Intuitively, the SGD consists of iterating through the dataset by drawing points at random. For each point, the parameter’s gradients of the objective function are computed, and parameters are “nudged” a little bit in the direction that minimizes the loss. The direction (i.e. increasing or decreasing the parameter) for the parameter update is defined as the opposite of the gradient.

The SGD is surprisingly capable. While it has its roots in the 1950s, it took nearly 6 decades for the scientific community to realize how powerful this technique actually was. Indeed, some aspects of the SGD are (somewhat) counter-intuitive:

• The SGD does not seek to optimize the “real” objective function, but only a degraded version of this function: its point-wise counterpart. This brings two key benefits. First, the point-wise objective function is much faster to compute. Second, the noise introduced by the point-wise function seems to help the gradient descent (rather than hindering it).
• The direction for the update of the parameters is only “guess-estimated” based on the gradient value. In theory, SGD should only work if the function were displaying smoothness properties. In practice, it works in numerous situations where the gradient is not smooth at all.
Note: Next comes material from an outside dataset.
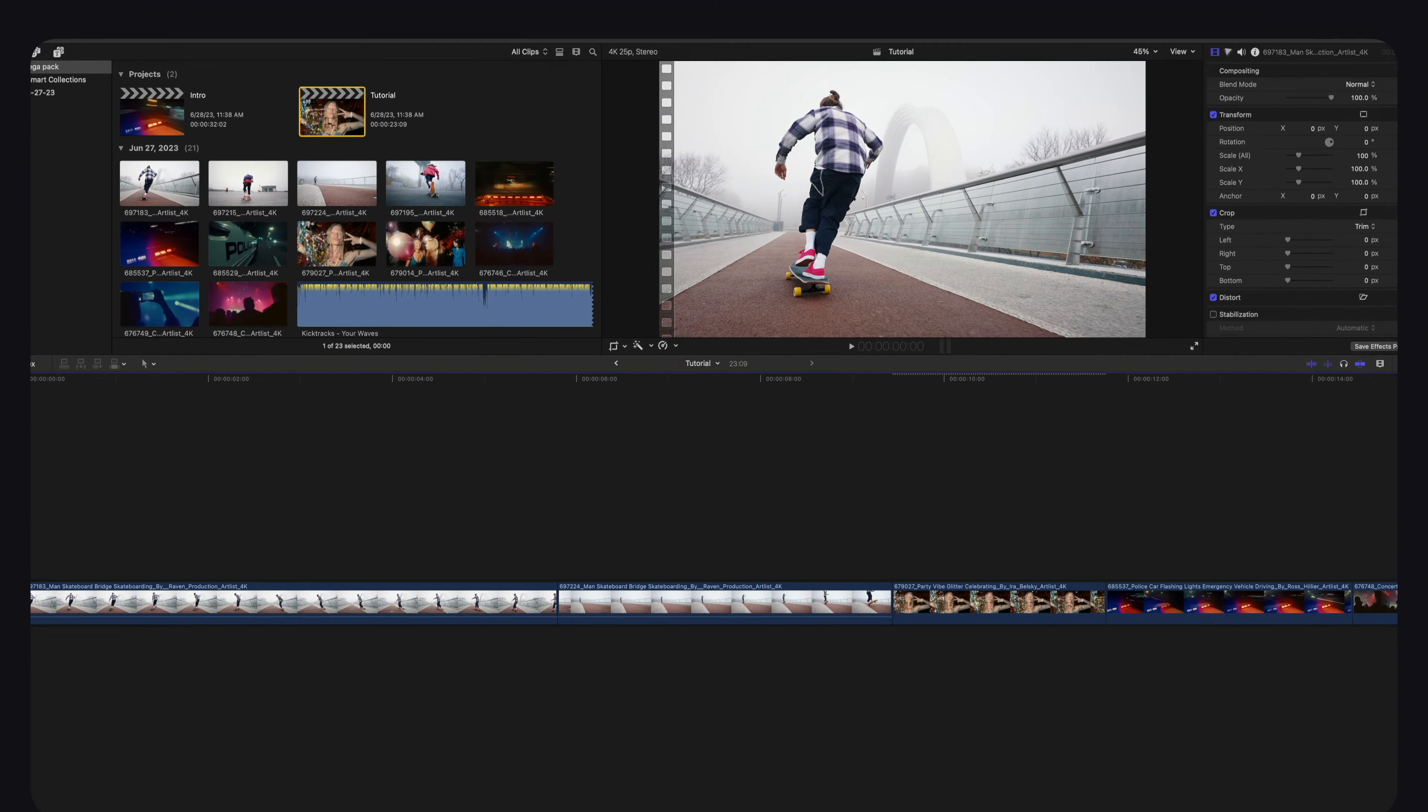130 transitions. Obviously we can't go over all of those, but I will give you a quick overview as to how some of these look. Let's jump into the tutorial.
Formally, let’s introduce $Q$ as the objective function, $w \in \mathbb{R}^k$ the parameters, and $X$ the dataset, the goal is to find $w$ that minimizes:

$$Q(w) = \sum_{x \in X} Q_x(w)$$

where $Q_x$ is the term of the objective function restricted to the point $x$ within the dataset. At each iteration, we draw a random $\hat{x} \in X$ and we update the parameters with:

$$w \leftarrow w - \eta \nabla Q_{\hat{x}} (w)$$

where $\eta > 0$ is the learning rate, a meta-parameter.
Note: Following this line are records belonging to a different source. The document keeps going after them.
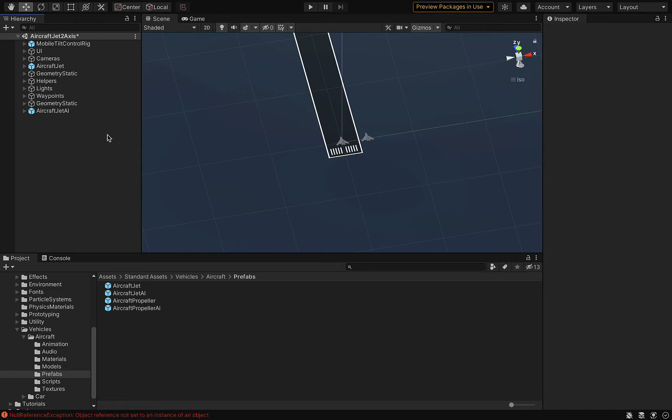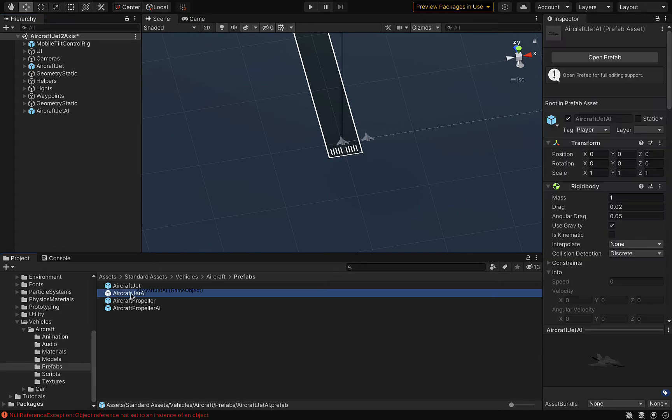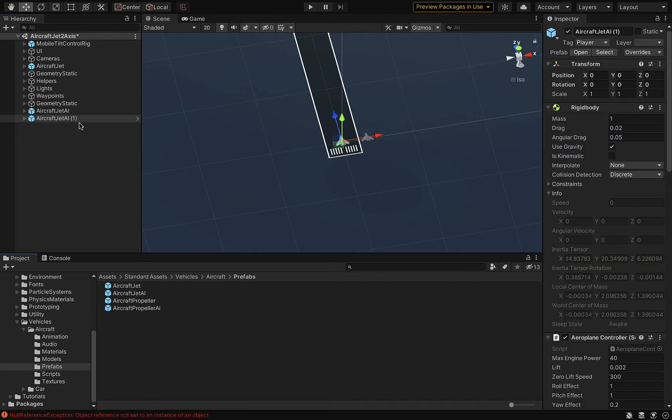You can add another AI jet in the project window. We'll go ahead and rename that jet in the hierarchy window so that you will be able to tell them apart.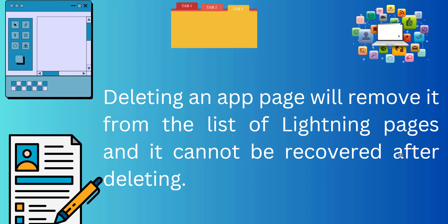But when you delete an app page, it will be removed from the list of Lightning pages completely. So let's move ahead and see the process of deleting a custom app page.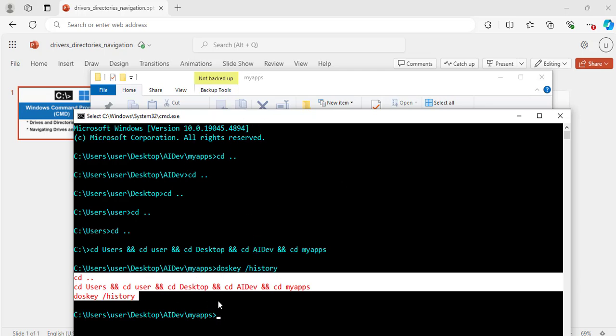So this video was to show you how to navigate drives, directories, and folders using the command line prompt. Thank you for watching. See you in my next video. Bye for now.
In practice, a specific control of the learning rate and its numerical evolution from one iteration to the next greatly improves the SGD’s performance. Under the hood, the Envision runtime is using the Adam algorithm (short for Adaptive Moment Estimation). Discussing the pros and cons of the various algorithms to control the evolution of the learning rate goes beyond the scope of the present document.

The autodiff block

The autodiff block is used to introduce a “program” that is first differentiated (via AD) and second optimized (via stochastic gradient descent). Syntax-wise, the autodiff block shares multiple similarities with the each block, in particular as far as limitations are concerned. Let’s revisit a minor variant of the script introduced above.

table T = with
[| as X, as Y |]
[| 1, 3.1 |]
[| 2, 3.9 |]
[| 3, 5.1 |]
[| 4, 6.0 |]

autodiff T with
params a auto
params b auto
absErr = abs(a * T.X + b - T.Y)
squErr = absErr * absErr
return (squErr, absoluteError: absErr)

show scalar "Learned" a1c1 with "y ≈ \{a} x + \{b}"


The autodiff block must end with a return statement associated with scalar values. The first - and possibly the sole - value returned is interpreted as the loss. The optimization process attempts to minimize this value.
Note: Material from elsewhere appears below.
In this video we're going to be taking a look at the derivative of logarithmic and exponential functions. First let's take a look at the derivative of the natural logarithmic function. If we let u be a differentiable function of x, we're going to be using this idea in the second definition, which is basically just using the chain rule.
If the return statement is associated with a tuple, then the values (beside the first) are interpreted as metrics. Those metrics have no influence on the gradient descent, however they benefit from the built-in reporting capabilities associated with autodiff blocks. The evolution of the loss and the metrics can be observed via the screen Dashboard » Details » Autodiff Metrics. Each metric must be named via a prefix introduced by a colon : as illustrated above with absoluteError:.

The parameters, introduced by the keyword params, become regular numeric variables at the end of the autodiff block. All parameters must belong to small tables.

The logic within an autodiff block follows the same design principles as those applicable for the each blocks. In particular, the notions of upstream and downstream tables, in regards to the observation table, apply.

However, unlike an each block, the autodiff block cannot leverage a scan option to control the iterations’ ordering. Indeed, such a control would not make much sense in regards to the stochastic gradient descent. Also, while both each and autodiff blocks can be used to return values, their respective semantics differ. This latter point is addressed below.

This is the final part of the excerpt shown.